Moi même, avant cette lecture je n'avais pas de souvenir de cet élément. Rien ne m'est revenu spécialement, je ne pense donc pas l'avoir étudié au cours de ma scolarité. Pourtant, c'est réellement le point central du récit. Du moins de la deuxième partie qui est une succession de scènes comiques empreintes de fantastique avec un ton résolument sérieux.
Cela prend le contre-pied du début de la pièce qui fait la part belle à la légèreté du héros et à l'ignorance de ses opposants. Ce début, qui n'est à mon goût pas très réussi car trop mou, pas spécialement drôle et sans réel idée de fond, semble pourtant avoir été l'essence de ce qui a forgé le mythe.
Pourtant, à partir de l'acte 3, le rythme s'intensifie. Un long dialogue entre Dom Juan et Sganarelle sur la médecine et la croyance pose les bases d'une nouvelle visée à venir. Un Dom Juan qui n'est manifestement pas un mauvais personnage, qui a beaucoup plus d'esprit que tous les autres et qui pourtant parle en hérétique. Quel audace a eu Molière de s'attaquer à la religion. Et le fait que Dom Juan ne soit pas vertueux et qu'il soit condamné à la fin semblait être la condition sine qua non à ce discours critique. Cette ambivalence entre un Sganarelle lâche mais pieu et un Dom Juan fidèle à ses convictions mais vicieux crée toute la profondeur de cette pièce.
N'oublions pas l'humour qui est présent par quelques traits d'esprits ou des situations tout fait grotesques voire absurdes.
En conclusion, cette œuvre a une portée résolument moderne. Des Dom Juan comme des Sganarelle existent à notre époque. Le Sganarelle moderne est insipide, arrondi les angles, se satisfait des conventions.
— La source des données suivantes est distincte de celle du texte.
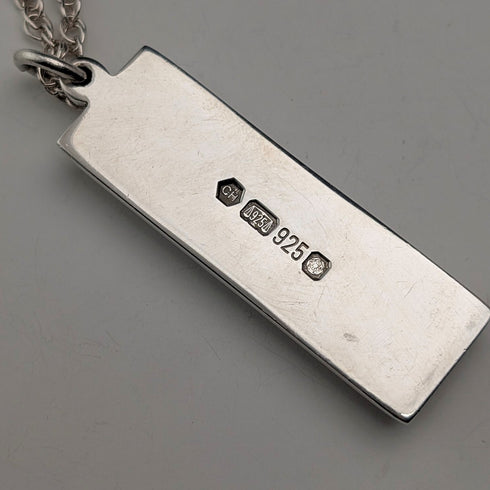 1977 年英國純銀週年紀念錠吊墜 30 克,純銀項鍊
Dom Juan est un anarchiste du bon goût, un visionnaire et un homme avec les pieds sur terre, un véritable scientiste avant l'heure.
On pardonnera facilement le début laborieux et l'épilogue expédié nécessaire pour éviter la censure et qui encadrent le cœur d'un récit extrêmement puissant.
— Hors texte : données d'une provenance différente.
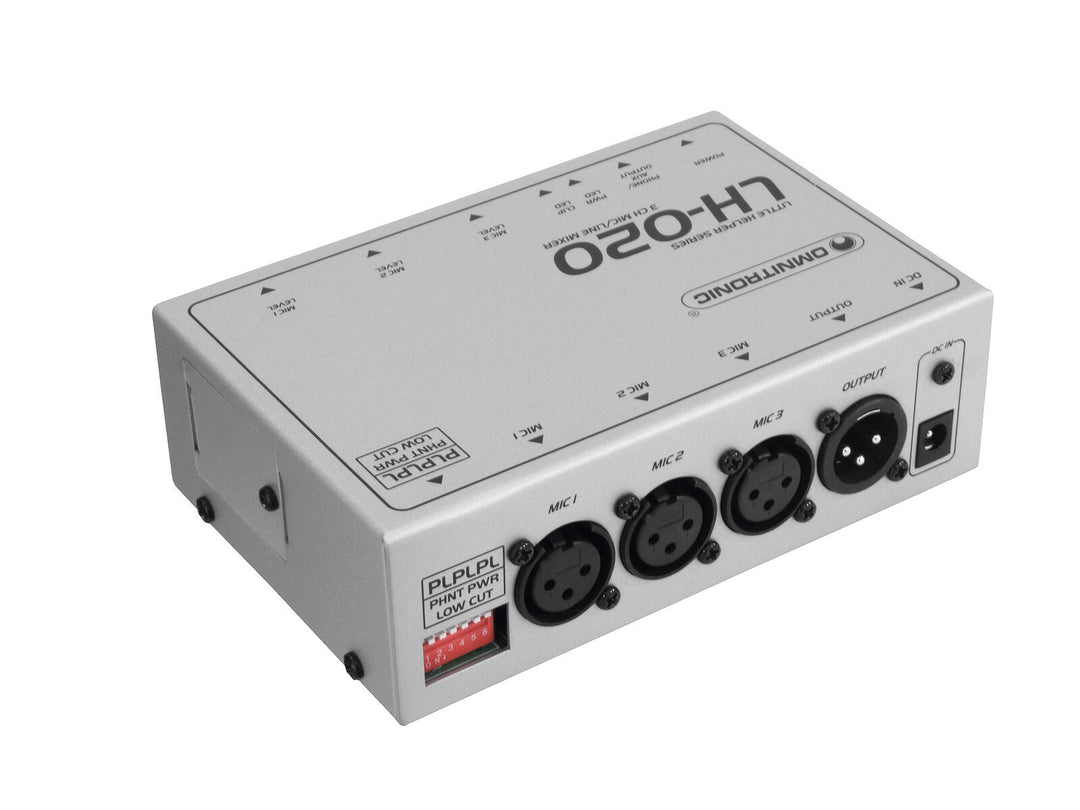 OMNITRONIC LH-020 3-kanavainen mikserimikseri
« Sganarelle : Et n'y craignez vous rien, Monsieur, de la mort de ce commandeur que vous tuâtes il y a six mois ?
Dom Juan: Et pourquoi craindre ? Ne l'ai je pas bien tué ?
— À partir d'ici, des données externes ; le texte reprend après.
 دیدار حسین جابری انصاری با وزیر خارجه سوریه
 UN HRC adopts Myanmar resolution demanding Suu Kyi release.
Sganarelle : Fort bien, le mieux du monde, et il aurait tort de se plaindre »
« Sganarelle : Mon maître est fourbe c'est l'épouseur du genre humain (il apercoit Dom Juan) Cela est faut ; et quiconque vous dira cela, vous devez lui dire qu'il a menti. Mon mâitre n'est point l'épouseur du genre humain et il n'est point fourbe »
« Dom Juan : Ce que crois c'est que deux et deux sont quatre, Sganarelle, et que quatre et quatre sont huit »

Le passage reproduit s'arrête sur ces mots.